Fax over IP (FoIP): An emerging method of sending faxes over the Internet, either to an IP fax server or another phone line. FoIP is different from traditional organizationwide fax solutions in that it sends the much smaller source material (e.g., cover sheet and Word document) over the Internet to the fax server nearest the dialed number.

Fax server: A LAN-based server that manages all incoming and outgoing fax traffic for an organization. A fax server provides centralized management of corporate fax functions. It also enables desktop faxing without your installing
a fax card or fax phone line at each desktop computer. Companies often integrate a fax server with Microsoft Exchange or Outlook so that employees visually manage incoming faxes in their inboxes.

First-party call control: The ability to control calls that come to your phone. Microsoft's Telephony API (TAPI) defines a set of commands that let you answer, transfer, park, and forward calls.

H.100: A standard for a physical CT bus interface layer for the PCI computer chassis card slot. H.100 will drive new applications and open new markets.

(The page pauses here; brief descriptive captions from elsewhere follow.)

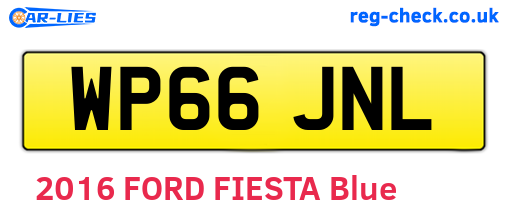 WP66JNL are the vehicle registration plates.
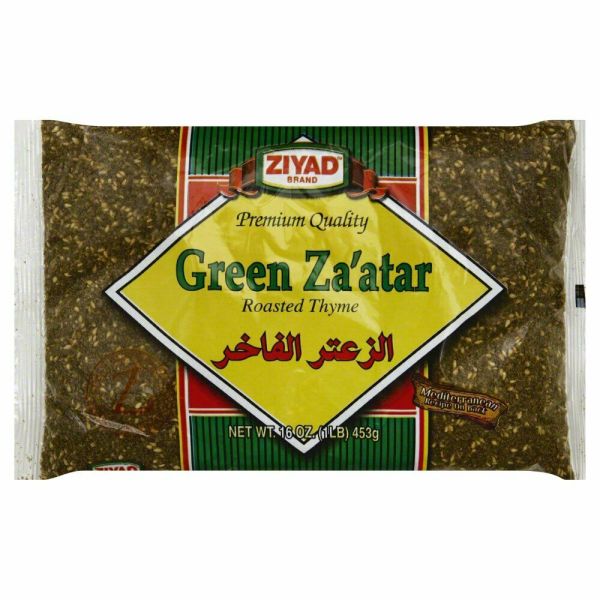 ZIYAD: Green Zaatar Roasted Thyme, 16 oz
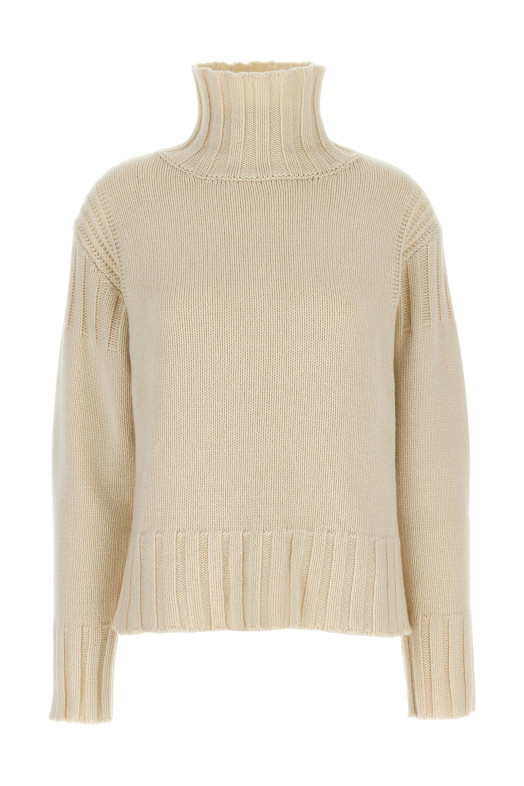 Ribbed detail sweater White Ribbed detail sweater White
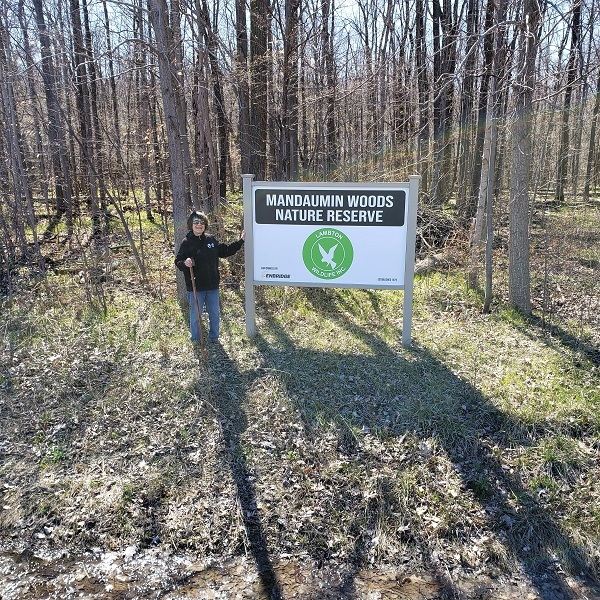 2020 Kathyposes at the maundaumin Woodland Nature Reserve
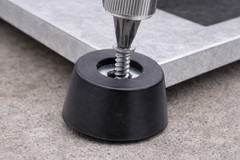 2 3/8″ x 1 1/4″ XXL HD Black Rubber Feet for Equipment, Truck Doors, Compressors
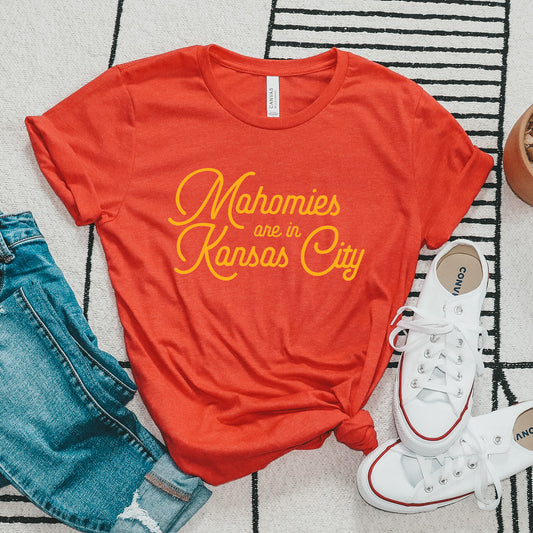 Mahomies Are In Kansas City Tee - Red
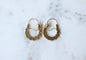 Boucles d'oreilles Boucles d’oreilles créoles savoyardes en or rose et jaune 18k 58 Facettes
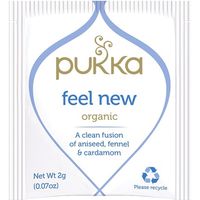 【ノンカフェイン】  【パッカハーブス】フィールニュー有機ハーブティー 40g×20袋【オーガニック】 U1-71B 8個（直送品）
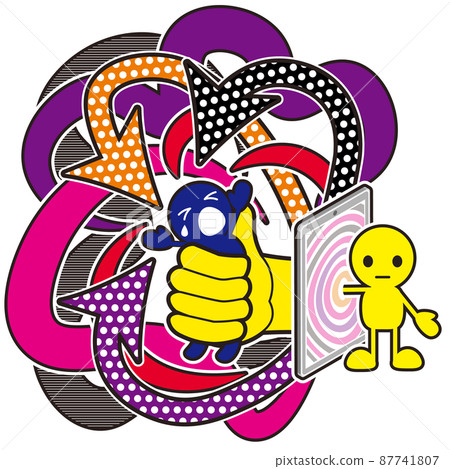 使用智能手機在互聯網上攻擊他人的人 使用智能手機在互聯網上攻擊他人的人 87741807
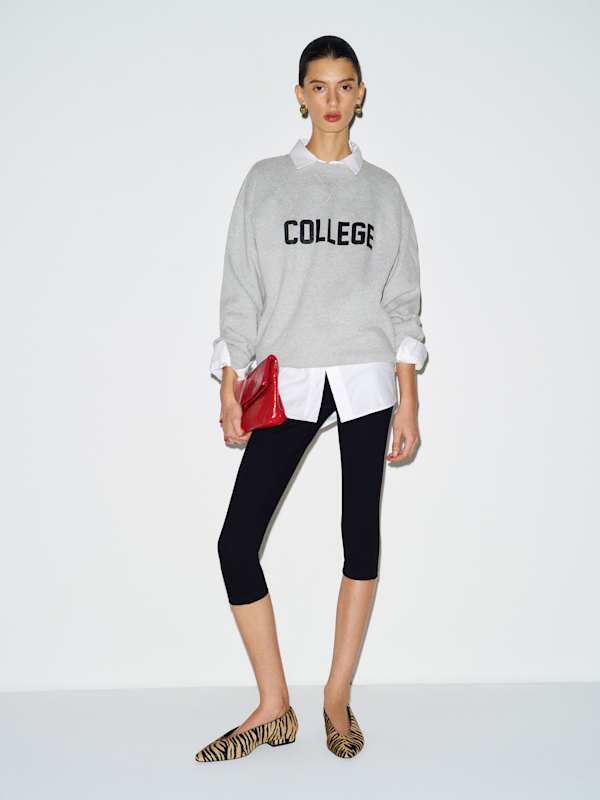 Drew Vintage Oversized Crewneck Sweatshirt - College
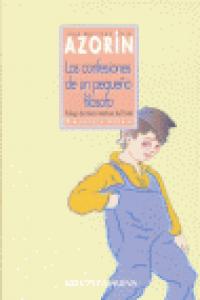 Las confesiones de un pequeño filósofo, de Martínez Ruiz, José (Azorín) | portada del libro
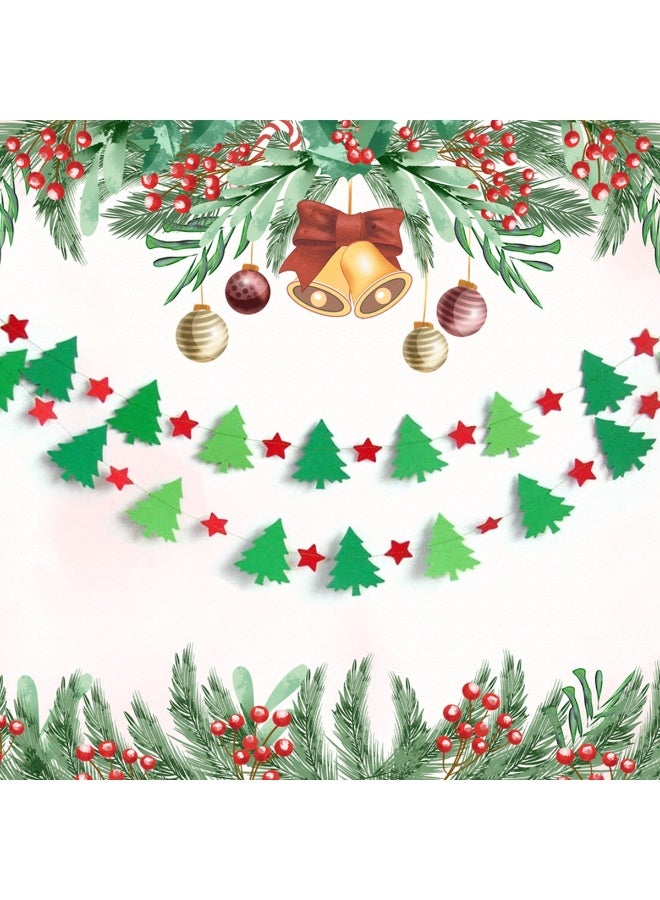 ذا بارتي بوبير إكليل شجرة عيد الميلاد ونجمة معلقة - لافتة عيد الميلاد الاحتفالية من 3M لتزيين المنزل والجدران والحفلات - Image 5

H.323: A group of International Telegraph Union standards for packet-based videoconferencing. (Previously, the standard for circuit-switched video teleconferencing was H.320.) H.323 is applicable to Internet video because it's based on the Internet Engineering Task Force's Realtime Protocol/Realtime Transport Control Protocol. LAN and WAN teleconferencing often uses H.323, but people often experience significant setup and interoperability problems with it. These problems hamper H.323's widespread use.

Inbound calls: An incoming call that terminating CT equipment answers. For example, if you call a company's voicemail system, your call is inbound to that system.

Interactive voice response (IVR): A system that lets you request information, usually stored in databases, by pressing keys on a touch-tone phone. Automated bank-by-phone services and automated flight information are two examples of IVR.

IP telephony: A generic term for moving voice and fax over TCP/IP networks.